### Extracted entries
===

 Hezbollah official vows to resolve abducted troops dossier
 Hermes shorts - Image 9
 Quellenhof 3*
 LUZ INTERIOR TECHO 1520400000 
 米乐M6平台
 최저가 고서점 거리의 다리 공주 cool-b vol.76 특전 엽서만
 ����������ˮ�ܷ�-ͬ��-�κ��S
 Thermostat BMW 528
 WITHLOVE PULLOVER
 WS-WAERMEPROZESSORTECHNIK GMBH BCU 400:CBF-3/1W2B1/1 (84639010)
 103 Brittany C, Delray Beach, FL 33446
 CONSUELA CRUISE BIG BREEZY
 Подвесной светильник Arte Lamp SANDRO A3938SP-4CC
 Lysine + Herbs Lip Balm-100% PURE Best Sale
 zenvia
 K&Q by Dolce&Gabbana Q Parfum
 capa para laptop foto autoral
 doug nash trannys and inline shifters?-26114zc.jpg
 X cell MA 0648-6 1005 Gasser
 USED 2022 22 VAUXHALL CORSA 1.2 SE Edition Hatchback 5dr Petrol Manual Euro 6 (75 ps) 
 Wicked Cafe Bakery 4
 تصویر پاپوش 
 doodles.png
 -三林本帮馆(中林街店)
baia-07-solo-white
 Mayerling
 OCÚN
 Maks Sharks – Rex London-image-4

===

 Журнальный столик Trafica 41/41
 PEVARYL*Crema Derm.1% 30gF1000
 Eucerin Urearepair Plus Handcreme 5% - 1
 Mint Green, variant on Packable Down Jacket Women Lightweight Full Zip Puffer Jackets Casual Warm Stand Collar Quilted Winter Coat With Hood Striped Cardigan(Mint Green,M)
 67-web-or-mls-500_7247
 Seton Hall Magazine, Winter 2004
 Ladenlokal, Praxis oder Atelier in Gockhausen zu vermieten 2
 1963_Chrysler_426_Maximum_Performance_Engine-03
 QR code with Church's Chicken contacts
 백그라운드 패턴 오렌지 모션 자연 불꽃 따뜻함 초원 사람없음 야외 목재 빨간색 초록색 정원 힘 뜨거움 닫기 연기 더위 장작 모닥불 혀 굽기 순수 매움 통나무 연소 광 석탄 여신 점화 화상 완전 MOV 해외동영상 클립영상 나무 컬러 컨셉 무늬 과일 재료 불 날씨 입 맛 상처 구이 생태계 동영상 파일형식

===

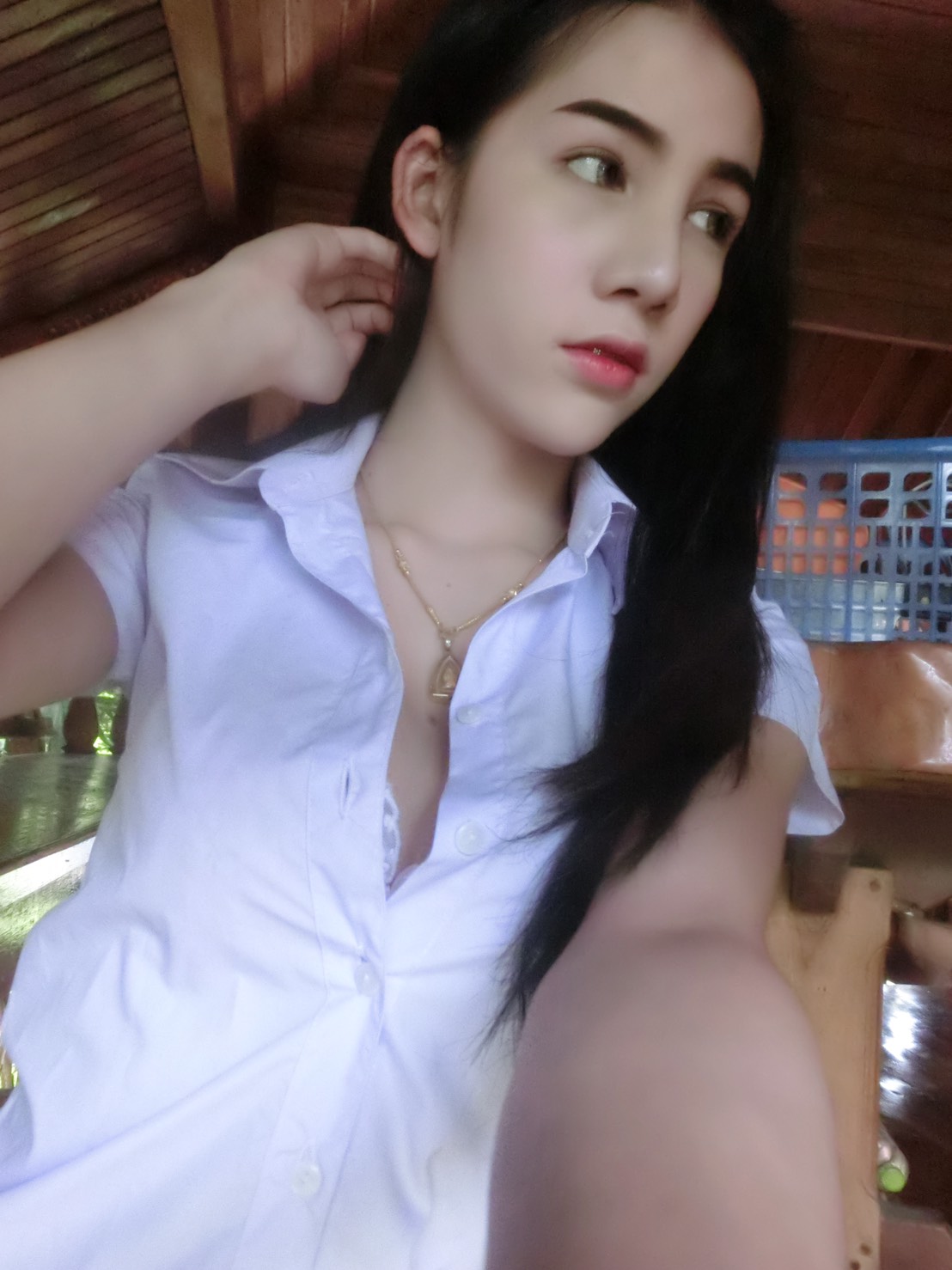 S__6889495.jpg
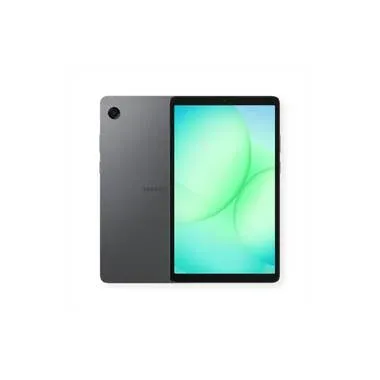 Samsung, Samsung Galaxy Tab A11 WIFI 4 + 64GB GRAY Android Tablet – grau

===

### Brief
Write out only the lines that run from the line containing "Hezbollah official vows" through the line containing "Maks Sharks – Rex London-image-4", both included, exactly as they appear above.

### Answer to this problem
 Hezbollah official vows to resolve abducted troops dossier
 Hermes shorts - Image 9
 Quellenhof 3*
 LUZ INTERIOR TECHO 1520400000 
 米乐M6平台
 최저가 고서점 거리의 다리 공주 cool-b vol.76 특전 엽서만
 ����������ˮ�ܷ�-ͬ��-�κ��S
 Thermostat BMW 528
 WITHLOVE PULLOVER
 WS-WAERMEPROZESSORTECHNIK GMBH BCU 400:CBF-3/1W2B1/1 (84639010)
 103 Brittany C, Delray Beach, FL 33446
 CONSUELA CRUISE BIG BREEZY
 Подвесной светильник Arte Lamp SANDRO A3938SP-4CC
 Lysine + Herbs Lip Balm-100% PURE Best Sale
 zenvia
 K&Q by Dolce&Gabbana Q Parfum
 capa para laptop foto autoral
 doug nash trannys and inline shifters?-26114zc.jpg
 X cell MA 0648-6 1005 Gasser
 USED 2022 22 VAUXHALL CORSA 1.2 SE Edition Hatchback 5dr Petrol Manual Euro 6 (75 ps) 
 Wicked Cafe Bakery 4
 تصویر پاپوش 
 doodles.png
 -三林本帮馆(中林街店)
baia-07-solo-white
 Mayerling
 OCÚN
 Maks Sharks – Rex London-image-4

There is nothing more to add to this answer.